Jurgen Klopp’s playing style is famous and revered in equal measure.
Not many coaches have a definitive style which others around the world look to directly imitate, such is it’s effectiveness.
But Klopp’s counter-press, the English for gegenpress, is known by all – although very few can counter it – as proven by Liverpool’s start to the Premier League campaign.
Klopp’s team look to win back the ball as a unit, closing off passing opportunities, restricting opposition time in possession – before quickly turning defence into attack – hopefully as high up the pitch as possible.
But like any tactical plan, sometimes it can go wrong – such is football and such is life.
“The longer we have the ball, the less can happen against you. Then you lose it and you need to get it back, I thought it’s a good idea to get it back immediately, because it makes life easier,” the boss told Goal.
“That is why we think counter-pressing is really important, but it doesn’t work all the time, so then you have to defend in a different way.
“That’s how football works – you close one hole, unfortunately you open another one. It never ends, it never ends!
“I was never part of the perfect game – I never saw it. It’s always about handling the problems the game gives you in specific moments, and to try and prepare for them.
“The problem is there are a lot of good teams out there, who want to win the games, to collect the points, to climb up the table and to fight for a specific position.
“That’s what we are working to do as well and along the way, you have so many different things to do, to play different teams with different types of plans.

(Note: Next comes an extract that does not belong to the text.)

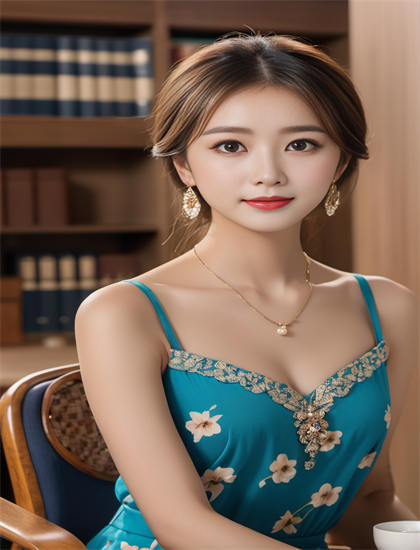 菠萝蜜夜间视频_女人的呼吸在线观看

“Nobody is born saying they’re a real competitor, you get it on the way as you grow up, and we want to be a real competitor together in the Liverpool shirt.”
In just one summer, it seems like Klopp has managed to forge a squad which perfectly understands his tactical demands. He has a ball-playing keeper in Loris Karius, a ball-playing centre-half in Joel Matip, unbelievable pace and counter-attacking ability in Sadio Mane – and coolness in possession and transition in Gini Wijnaldum.
Currently, we’re top of the table and will look to maintain that with a Saturday victory over Southampton, which is no mean feat. We’ll be without the excellent Adam Lallana, but hope to have enough without him to get through. Last term, Mane put us to the sword at St. Mary’s – but this time – he’s on our side!